Task prompt:
Return the data exactly, with all pictures removed.

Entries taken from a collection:
===============

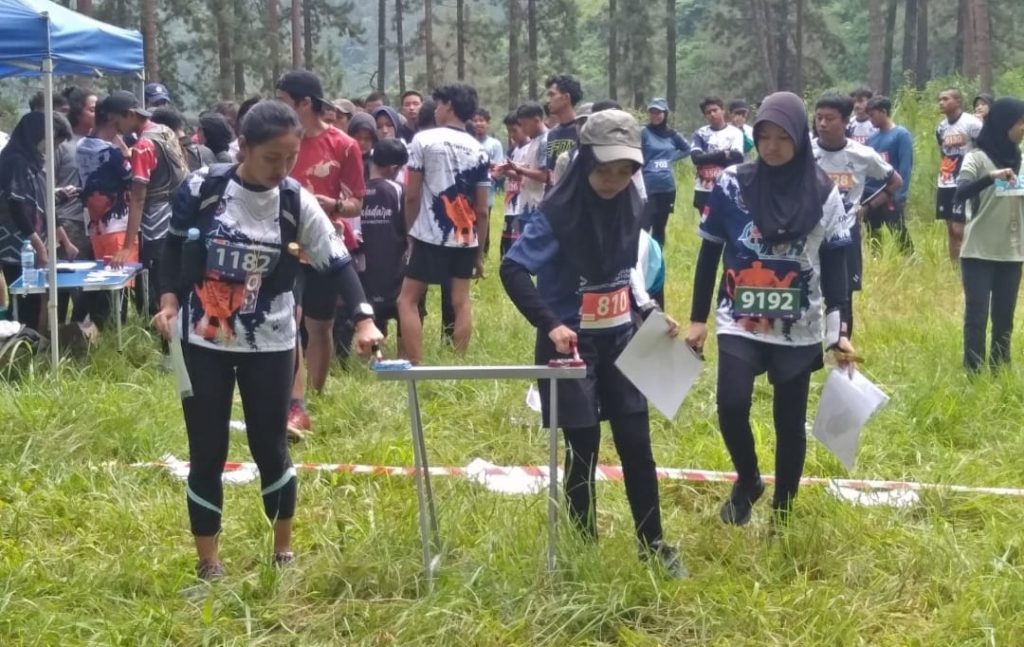 Ratusan Peserta dari Berbagai Daerah Meriahkan Tegal Orienteering Race 2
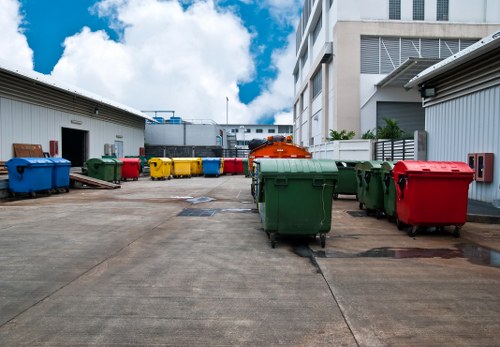 Recycling facility in Staines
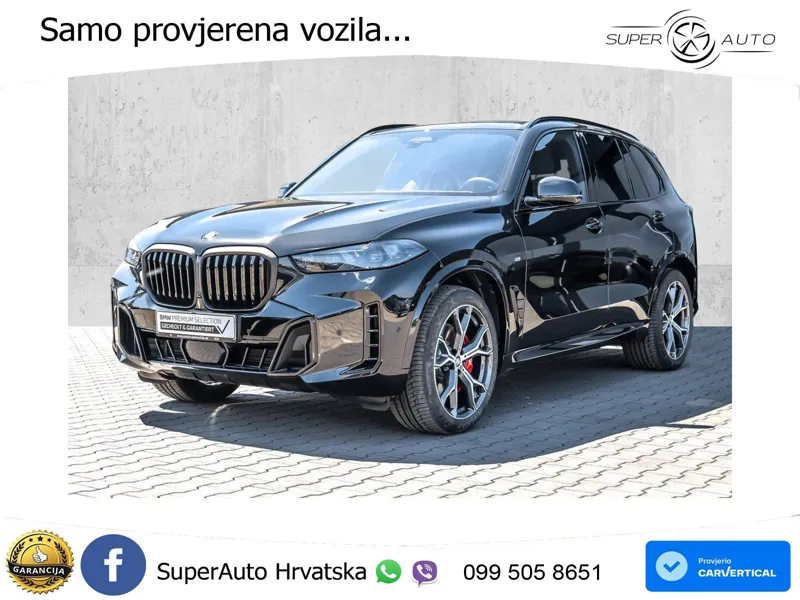 BMW X5 30d (298 KS) xDrive Steptronic LED+GR SJED+ACC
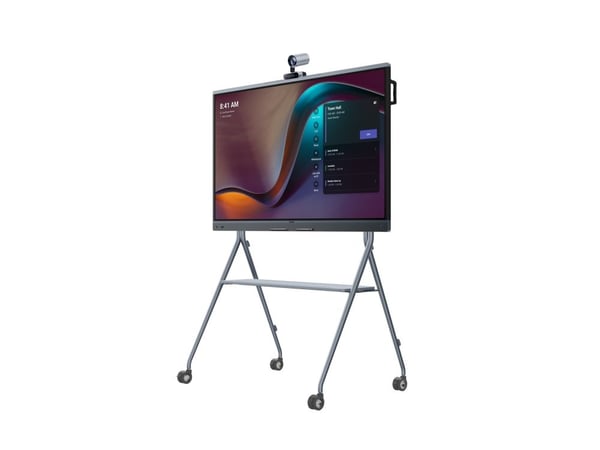 Yealink MeetingBoard 65 Pro - 65" Diagonalklasse LED-bakgrunnsbelyst LCD-skjerm - interaktiv - med innebygd interaktiv tavle, berøringsskjerm (mult...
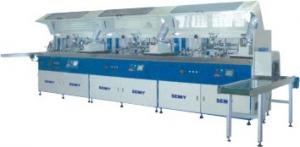 Wholesale Complex Shapes Screen Printing Machine 380V LWith Hot Stamping And Labeling Function from china suppliers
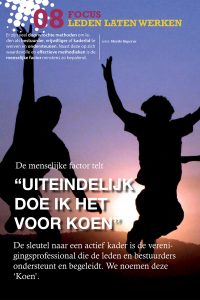 beroepskrachten doe het voor koen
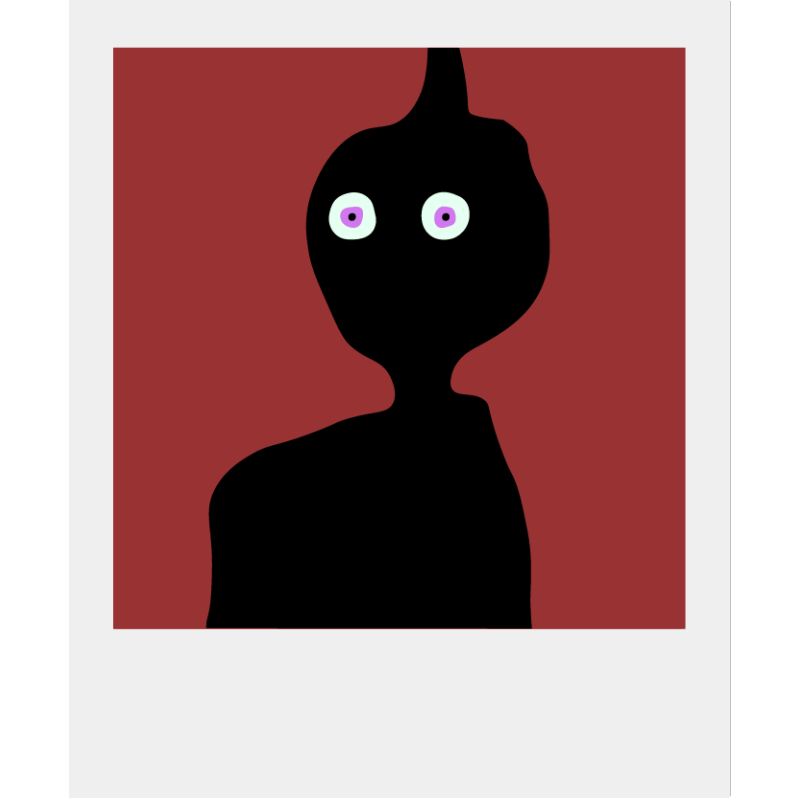 Ghost in polaroid #8 static token preview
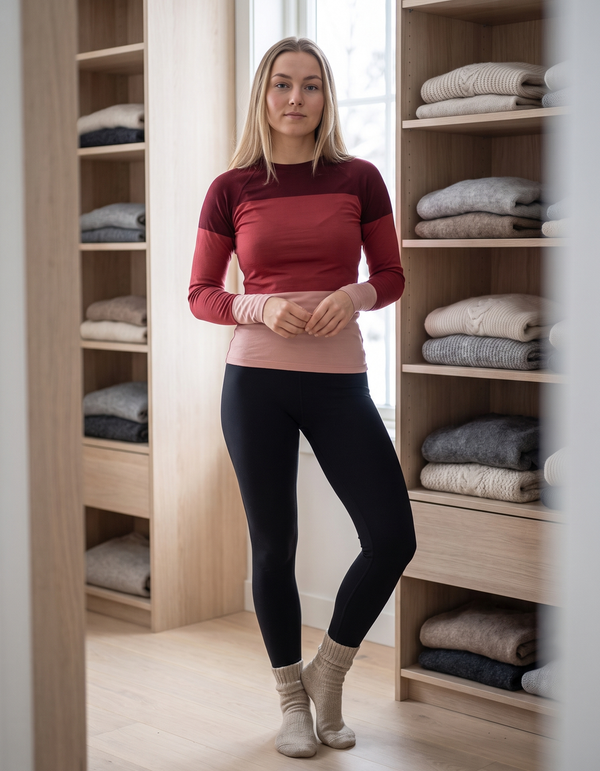 Base Layer Tops + Base Layer Bottoms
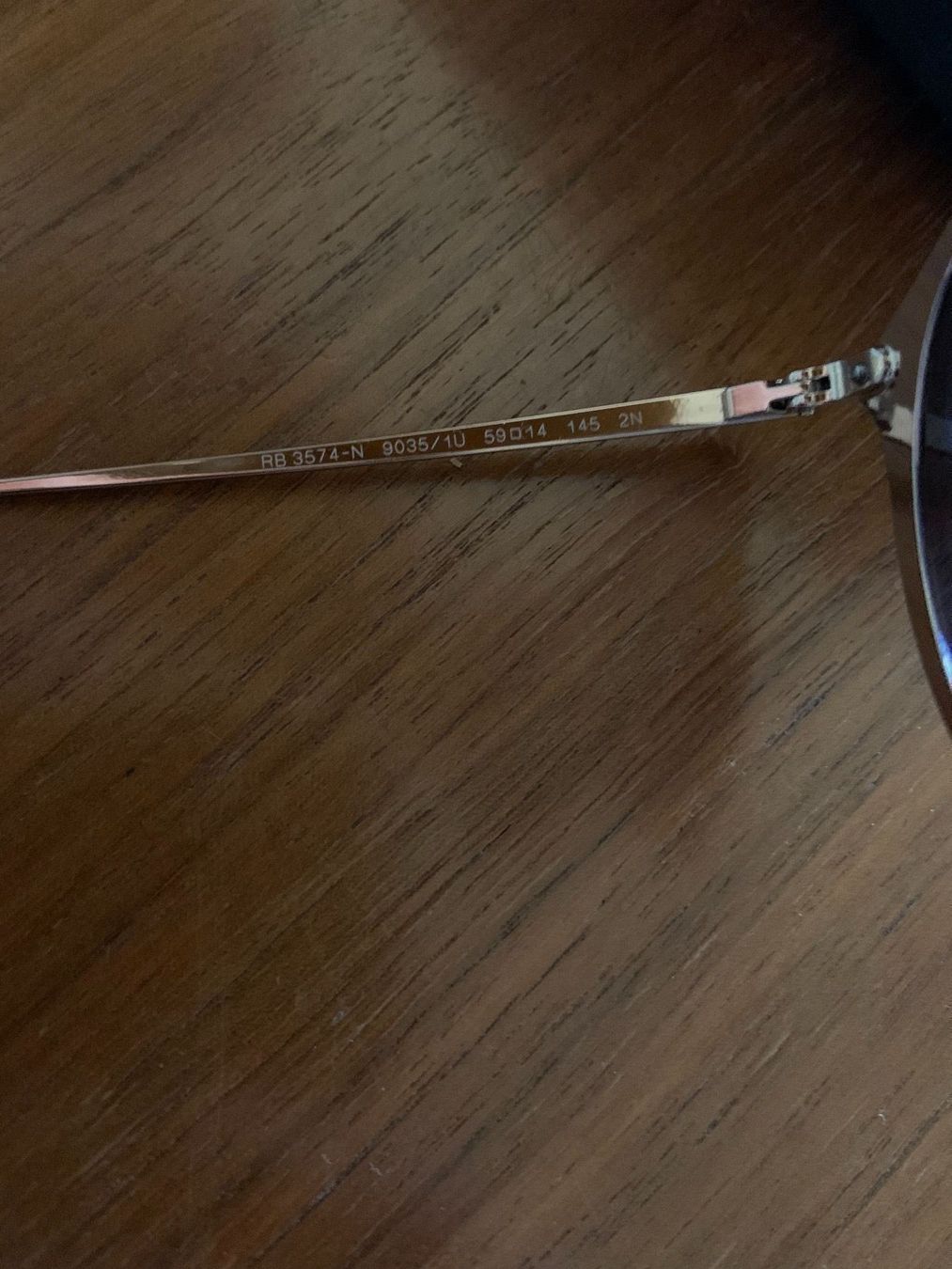 Ray-Ban Occhiali & Lenti: RayBan Sonnenbrille – Nuovo (secondo la descrizione) da Lotzwil venduto da milusha 2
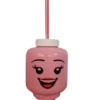 Vaso Cilindro Lego con popote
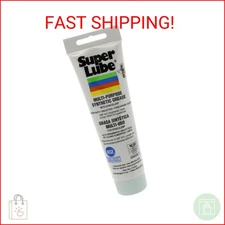 Super Lube-21030 Synthetic Multi-Purpose Grease, 3 Oz.
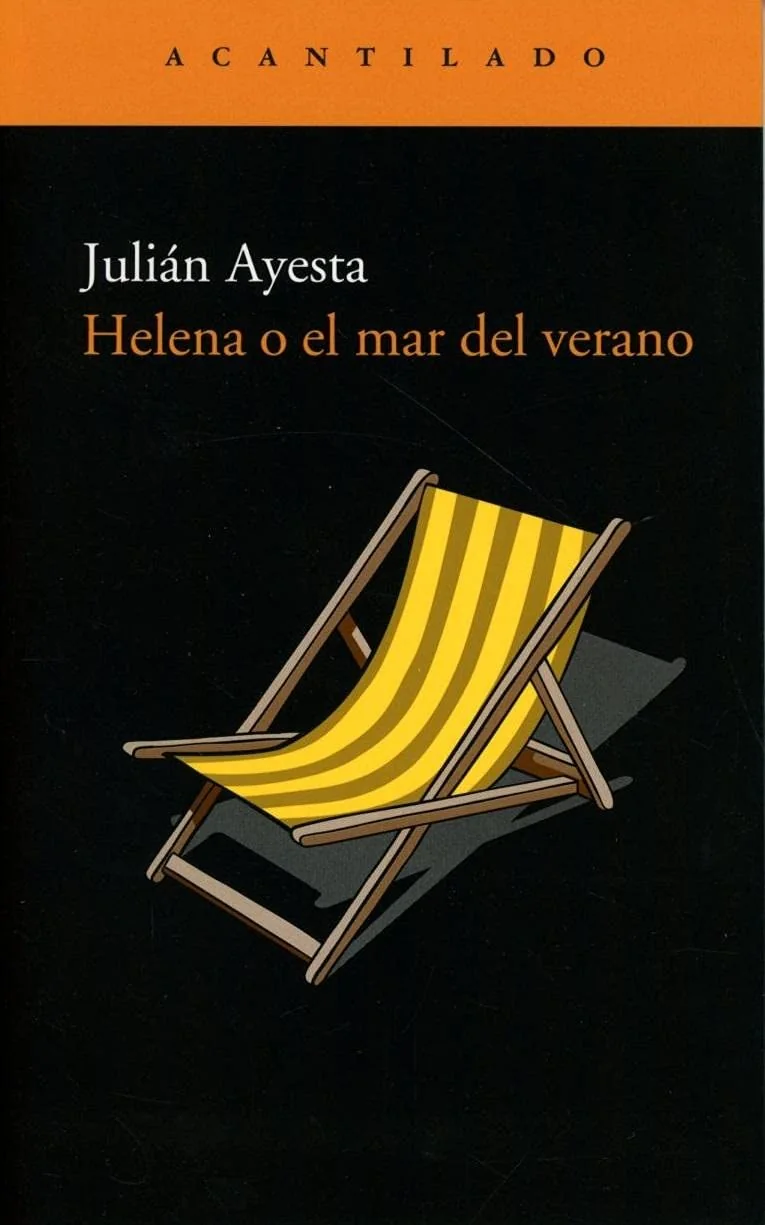 Portada de Helena o el mar del verano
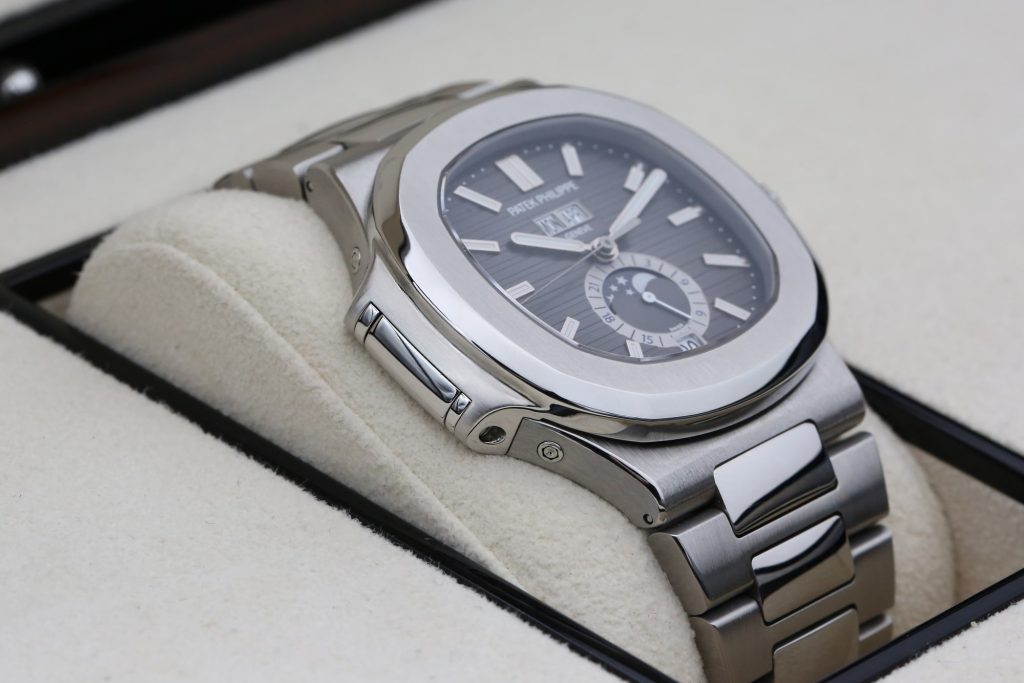 Patek Philippe 5726/1A-001 Grey 5726 41mm 2012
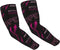 Ribbon Breast Cancer Awareness Cooling Arm Sleeves for UV Protection, Perfect for Cycling, Running, Basketball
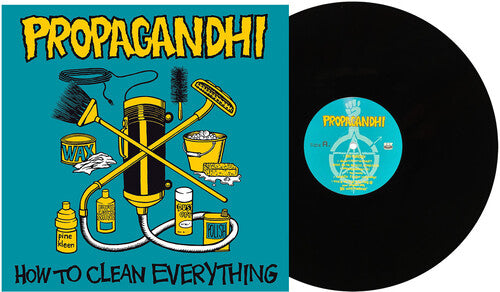 Propagandhi - How to Clean Everything (Remastered, Bonus Tracks) | Vinyl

===============

Result of this exercise:
 Ratusan Peserta dari Berbagai Daerah Meriahkan Tegal Orienteering Race 2
 Recycling facility in Staines
 BMW X5 30d (298 KS) xDrive Steptronic LED+GR SJED+ACC
 Yealink MeetingBoard 65 Pro - 65" Diagonalklasse LED-bakgrunnsbelyst LCD-skjerm - interaktiv - med innebygd interaktiv tavle, berøringsskjerm (mult...
 Wholesale Complex Shapes Screen Printing Machine 380V LWith Hot Stamping And Labeling Function from china suppliers
 beroepskrachten doe het voor koen
 Ghost in polaroid #8 static token preview
 Base Layer Tops + Base Layer Bottoms
 Ray-Ban Occhiali & Lenti: RayBan Sonnenbrille – Nuovo (secondo la descrizione) da Lotzwil venduto da milusha 2
 Vaso Cilindro Lego con popote
 Super Lube-21030 Synthetic Multi-Purpose Grease, 3 Oz.
 Portada de Helena o el mar del verano
 Patek Philippe 5726/1A-001 Grey 5726 41mm 2012
 Ribbon Breast Cancer Awareness Cooling Arm Sleeves for UV Protection, Perfect for Cycling, Running, Basketball
 Propagandhi - How to Clean Everything (Remastered, Bonus Tracks) | Vinyl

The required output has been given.